> [Assignment]
Output the entries exactly. Start at the first line, finish with the line containing "Cassettiera per bambini", and omit the pictures.

(Stored entries)
* * *

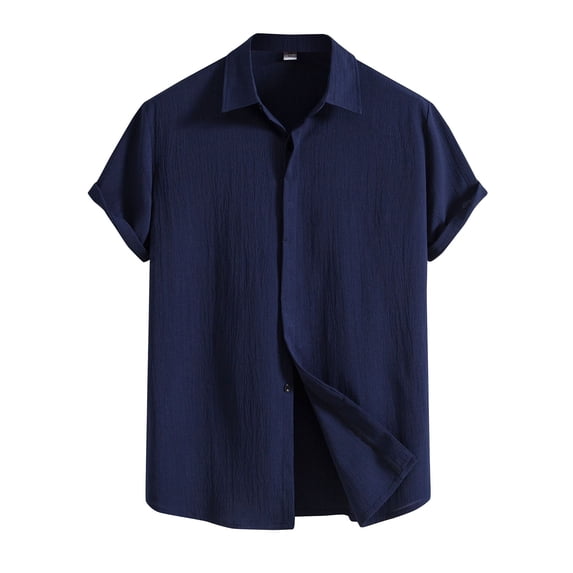 Men's spring and summer casual solid color short-sleeved shirt loose lapel shirt Navy L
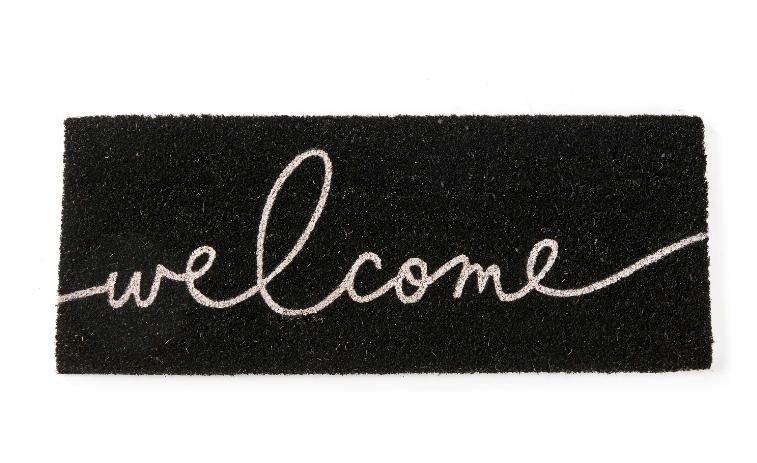 Black & White Welcome Coir Door Mat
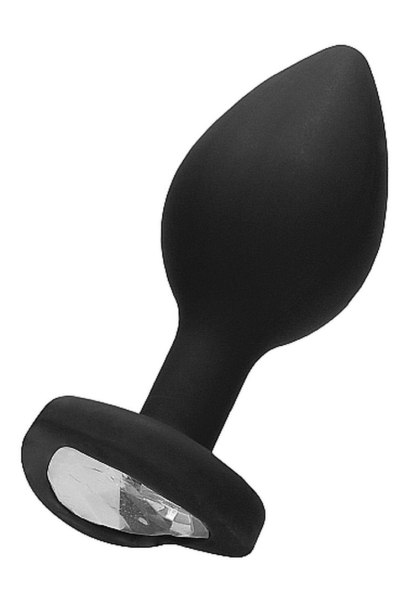 Korek analny z kryształkiem - Diamond Heart Butt Plug - Large - Black
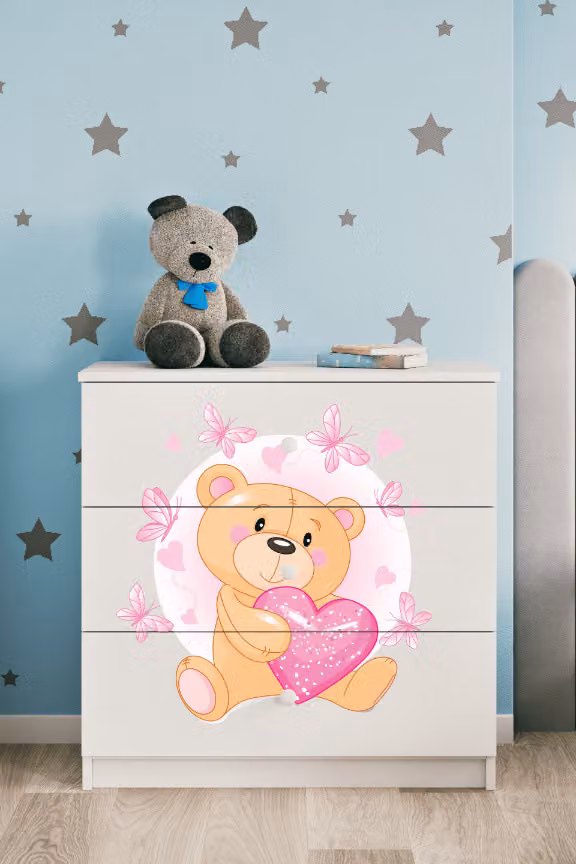 Cassettiera per bambini con cassetti orsetto farfalle nel colore bianco Babydreams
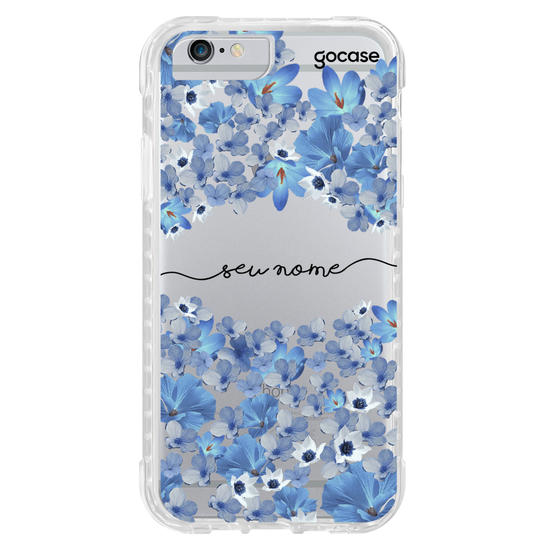 Capinha para celular Pétalas Azuis Manuscrita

* * *

> [Result of this task]
 Men's spring and summer casual solid color short-sleeved shirt loose lapel shirt Navy L
 Black & White Welcome Coir Door Mat
 Korek analny z kryształkiem - Diamond Heart Butt Plug - Large - Black
 Cassettiera per bambini con cassetti orsetto farfalle nel colore bianco Babydreams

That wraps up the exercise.